Stored data
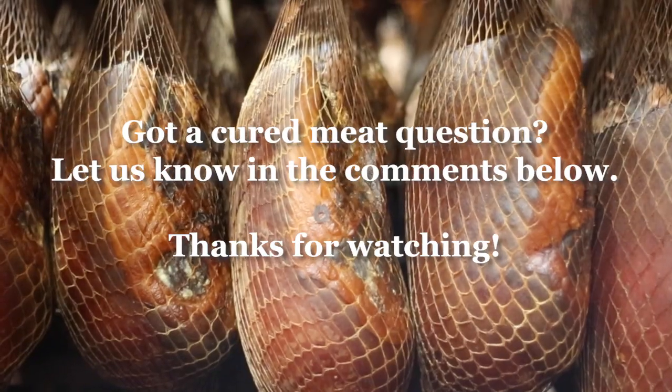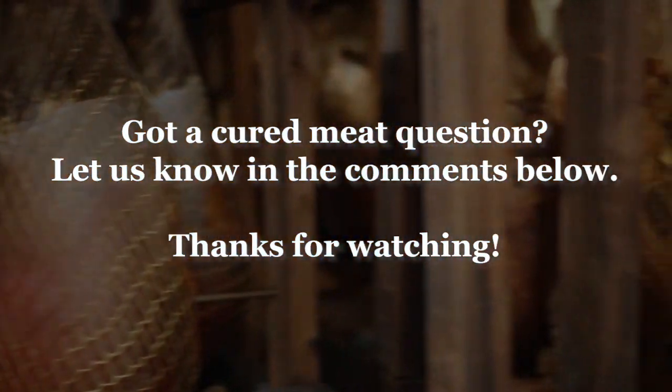Got a cured meat question? Let us know in the comments below. Thanks for watching.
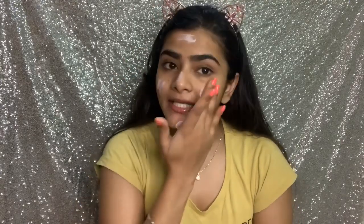I am using this for the primer. This is Lakme primer, and this is a good primer — it's a pore minimizing primer. The color is pink, so it makes the face look bright.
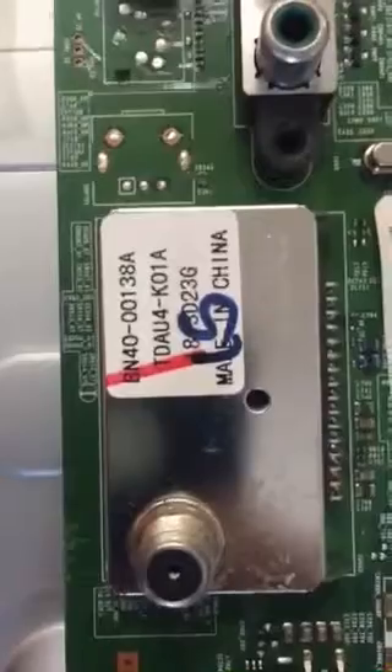I'd like to add the part number off of the tuner, which is right here.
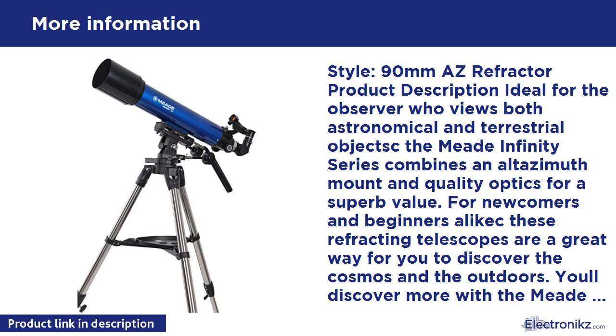The right-side-up image means you can use it for daytime observing — birds, hunting, ocean, etc. Easy assembly: being a refractor means you don't have mirrors to align, so it's ready to go right out of the box. Tracking celestial objects is less easy than with an EQ mount, because the controls move left, right, up, and down, whereas EQ mounts turn with the rotation of the Earth.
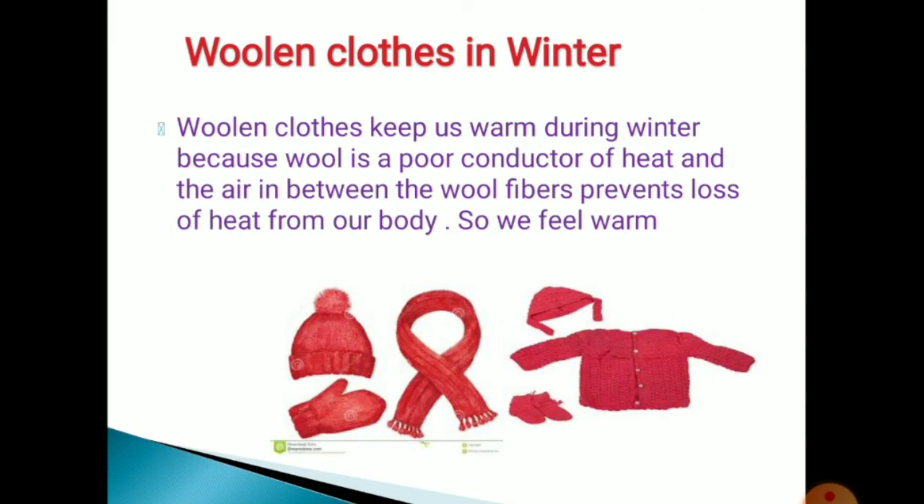That is why we wear woolen clothes during the winter season. Hope you understood the kinds of clothes and the difference between dark colored surfaces and light colored surfaces. Thank you.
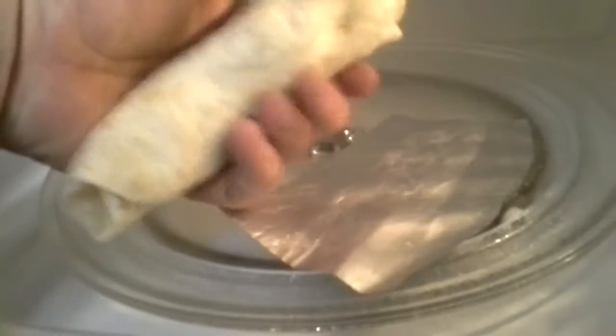Nothing burning, no smoke, paper still cold, burrito nice and warm — but not crispy. I imagine if you let it sit there for a few more minutes it might crisp up, but let's try this again and give it a one-minute cycle to see what it looks like.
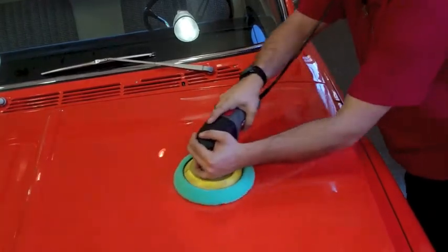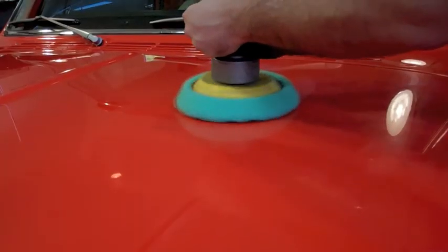Start the polisher and apply the polish to the paint. Wipe up any polish residue with a microfiber towel.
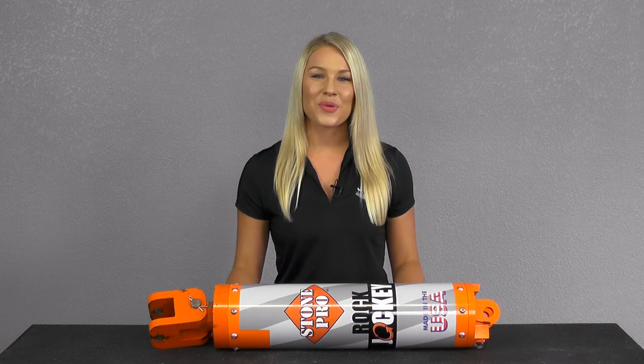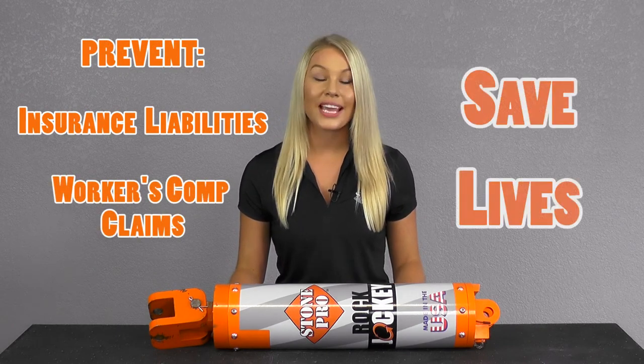Eliminating the second worker will prevent expensive insurance liabilities, workers' compensation claims, and most importantly, save lives.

WHAT THIS TASK INVOLVES: Give back all of the data exactly, but not the pictures.

WRITTEN ANSWER:
Got a cured meat question? Let us know in the comments below. Thanks for watching.
I am using this for the primer. This is Lakme primer, and this is a good primer — it's a pore minimizing primer. The color is pink, so it makes the face look bright.
I'd like to add the part number off of the tuner, which is right here.
The right-side-up image means you can use it for daytime observing — birds, hunting, ocean, etc. Easy assembly: being a refractor means you don't have mirrors to align, so it's ready to go right out of the box. Tracking celestial objects is less easy than with an EQ mount, because the controls move left, right, up, and down, whereas EQ mounts turn with the rotation of the Earth.
That is why we wear woolen clothes during the winter season. Hope you understood the kinds of clothes and the difference between dark colored surfaces and light colored surfaces. Thank you.
Nothing burning, no smoke, paper still cold, burrito nice and warm — but not crispy. I imagine if you let it sit there for a few more minutes it might crisp up, but let's try this again and give it a one-minute cycle to see what it looks like.
Start the polisher and apply the polish to the paint. Wipe up any polish residue with a microfiber towel.
Eliminating the second worker will prevent expensive insurance liabilities, workers' compensation claims, and most importantly, save lives.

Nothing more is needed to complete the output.